# Print Viewing Lighting



## Mika Hawley (Nov 5, 2020)

Hey all!

Over lockdown, unable to access my community darkroom, I built out my own in my bathroom. Super happy with how it’s worked out for me, and so glad to have the resources on this site to aid the process! I decided recently to foray into color printing for the first time (RA-4) and it’s been going well, but have a couple of questions about viewing test strips/ prints:

-is there a standard lighting setup for viewing your prints to achieve the most accuracy? I’ve been taking them out of the darkroom, into a brightly lit room with a sheer curtain over the window as diffusion, and have generally been happy with that. But now that the days are getting shorter I’m finding myself printing after sunset, adjusting the prints to what I see under lightbulbs (albeit tungsten balanced as opposed to daylight balanced). Then seeing the final prints the next day in the daylight I realize my filtration was wack.  If I standardize the process with only daylight balanced light will this help? My main concern is being able to print so that they look good under various conditions, and not only based on one specific kind of light source. 
-that being said— I also study my tests/ prints while still wet- I don’t have a hairdryer or other way to dry the prints (or the time/ patience to wait for them to dry before making the final!).  How important do you find drying down prints before deciding on filtration/ exposure choices? I got used to the drydown on my b&w paper and am able to make those choices confidently from wet test strips, but is that a harder thing to nail down with color printing? Does the color change with drydown as well as the appearance of the shadows? 
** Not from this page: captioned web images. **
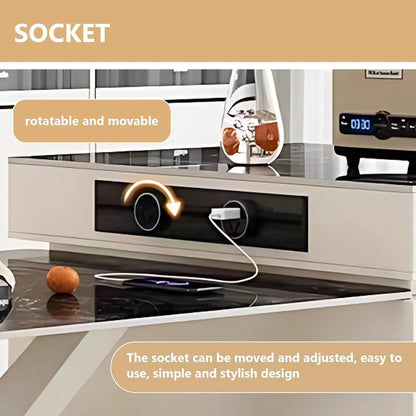 79” - 87” White Luxury Kitchen Island Includes Detachable Design & Sliding Rail Socket (No Chair)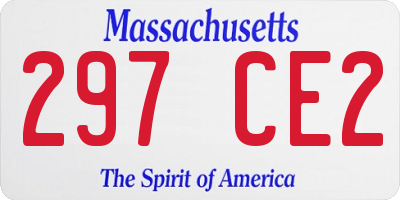 MA license plate 297CE2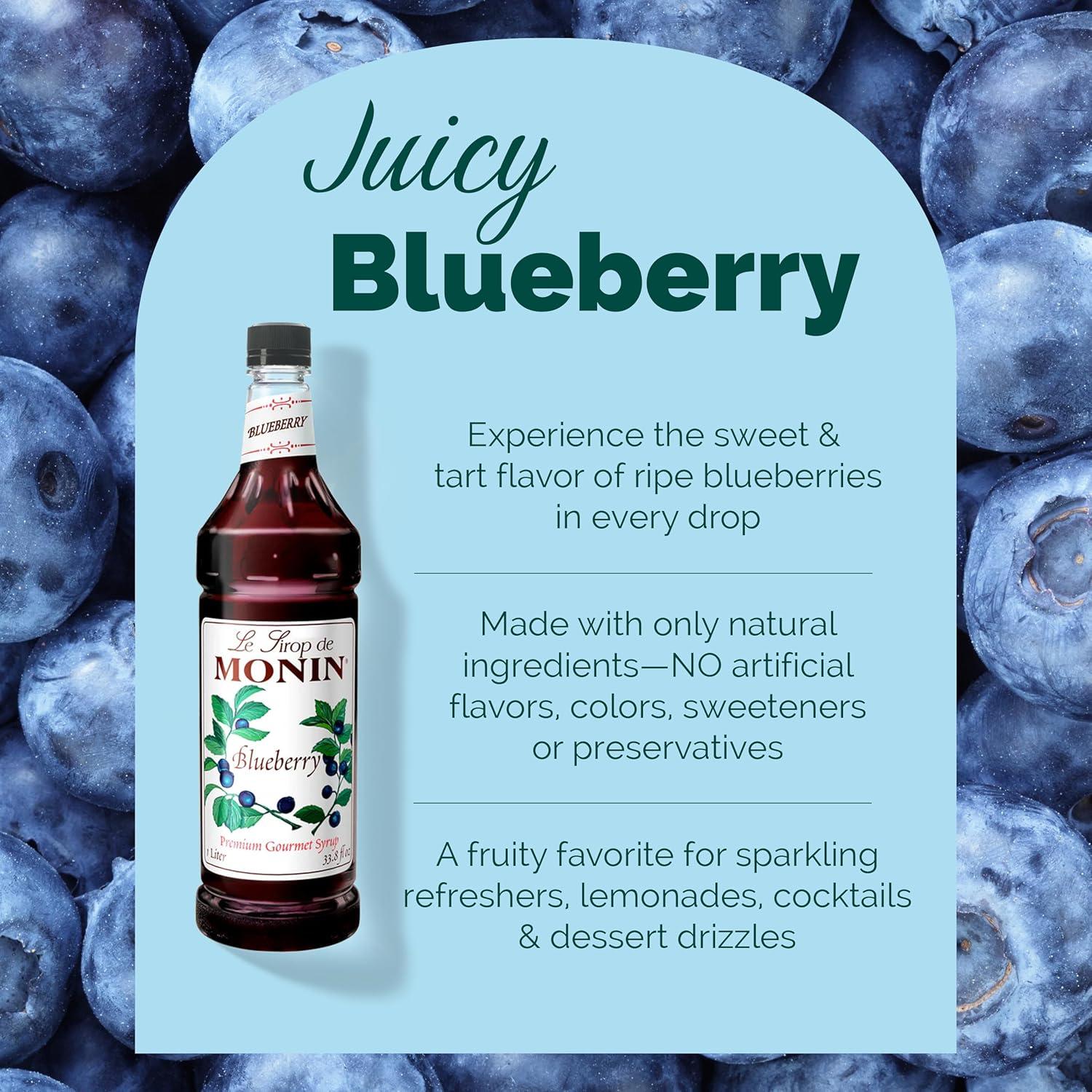 image:imageMonin Blackberry Syrup Soft and Succulent Great for Cocktails Lemonades and Sodas GlutenFree NonGMO 1 Liter 4PackBlueberry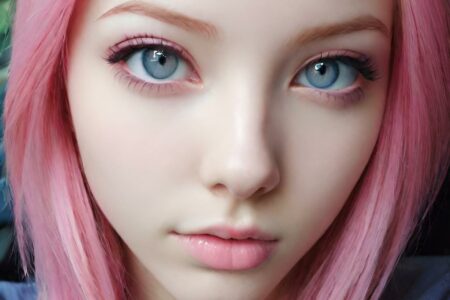 AI girl with pink hair wallpaper
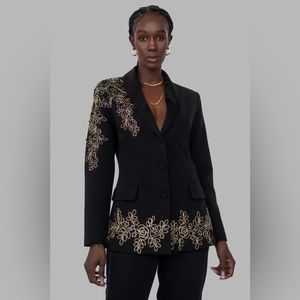 ByEgreis Women’s Black and Gold Embroidered Blazer/Suit Jacket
For reference, using Fujifilm fujicolor crystal archive paper type II. 

Any other advice on color printing for a newbie is welcome! 

-Mika


----------



## webestang64 (Nov 5, 2020)

When I used to print color professionally I always used a daylight corrected light source to view the prints. All other lighting is going to be "off". And yes, you want the color print to dry before making any corrections for reprint. 
There is no way to print a color print to "look correct" in all lighting. I remember a customer wanted everything very yellow so it looked "correct" in his house. 
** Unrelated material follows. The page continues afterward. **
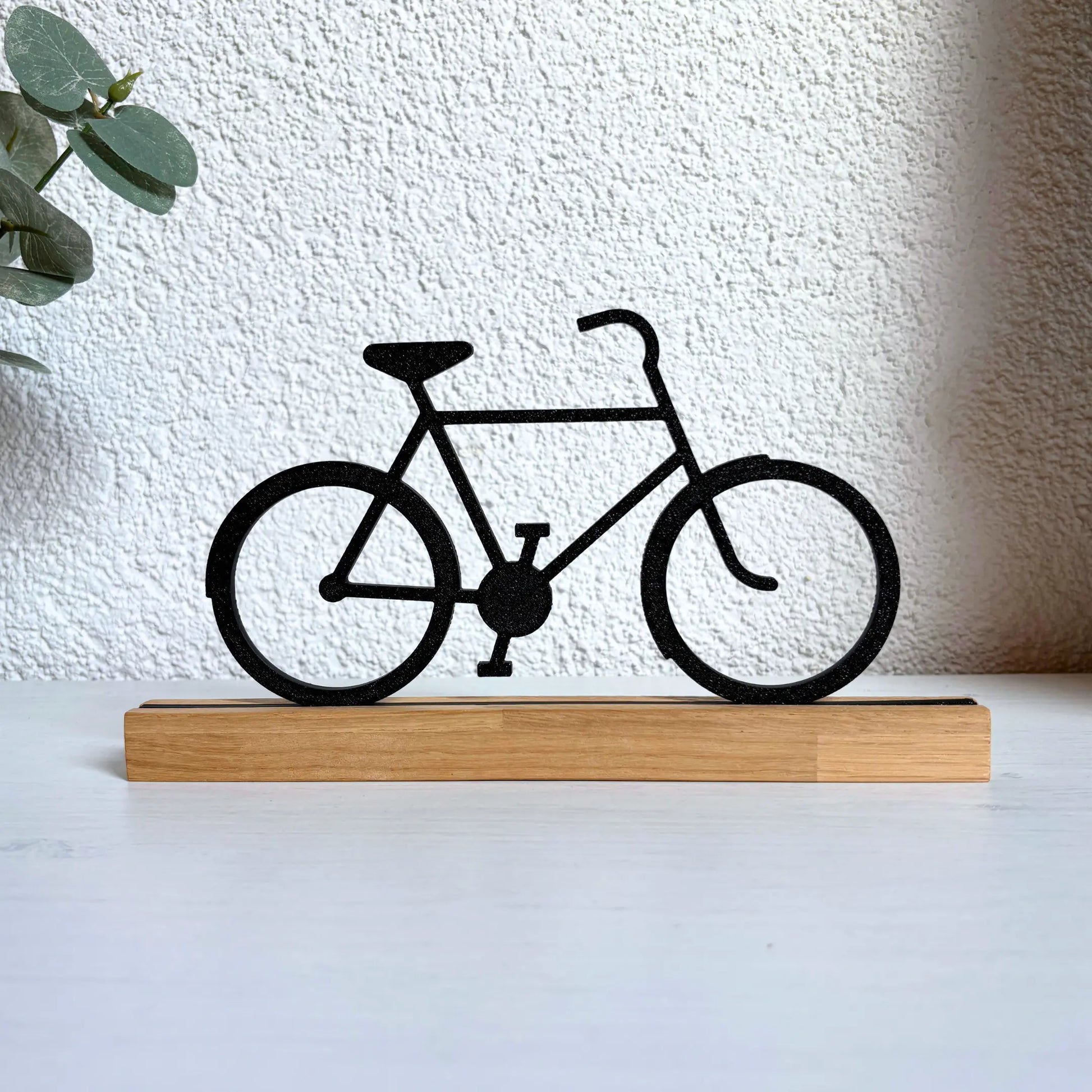 Deko Aufsteller Fahrrad aus Holz mit 3D-Druck Figur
You might want to track down an old color darkroom printing book, they are cheap and plentiful.


----------



## Rickbb (Nov 7, 2020)

A standard viewing booth in a commercial printing shop would be to view prints under a 5000K light and compare copies to the master print under a 4500K light.


----------



## Linda Haynes (Feb 25, 2021)

webestang64 said:


> When I used to print color professionally I always used a daylight corrected light source to view the prints. All other lighting is going to be "off". And yes, you want the color print to dry before making any corrections for reprint.
> There is no way to print a color print to "look correct" in all lighting. I remember a customer wanted everything very yellow so it looked "correct" in his house.
> 
> You might want to track down an old color darkroom printing book, they are cheap and plentiful.



Agree


----------



## Original katomi (Feb 25, 2021)

Two points
Daylight corrected bulb as others have said
Hair dryer.....aharrrr screem don’t

I will tell you what will happen,( yep I have the t shirt, and the hat) the hair dryer  will pump every hair bit of dust and anything else in the air onto the wet paper of your print


----------



## webestang64 (Feb 25, 2021)

FYI...I also used color viewing correction filters to help make adjustments. I do not think they are made today but you might try and track down a set. If I remember right looking through the opposite side was for the old long gone Cibachrome printing process (direct from a slide).


----------



## ac12 (Feb 26, 2021)

The other factor is the intensity of the light.
You need to look at your prints in a similar light level as where it will be displayed.


----------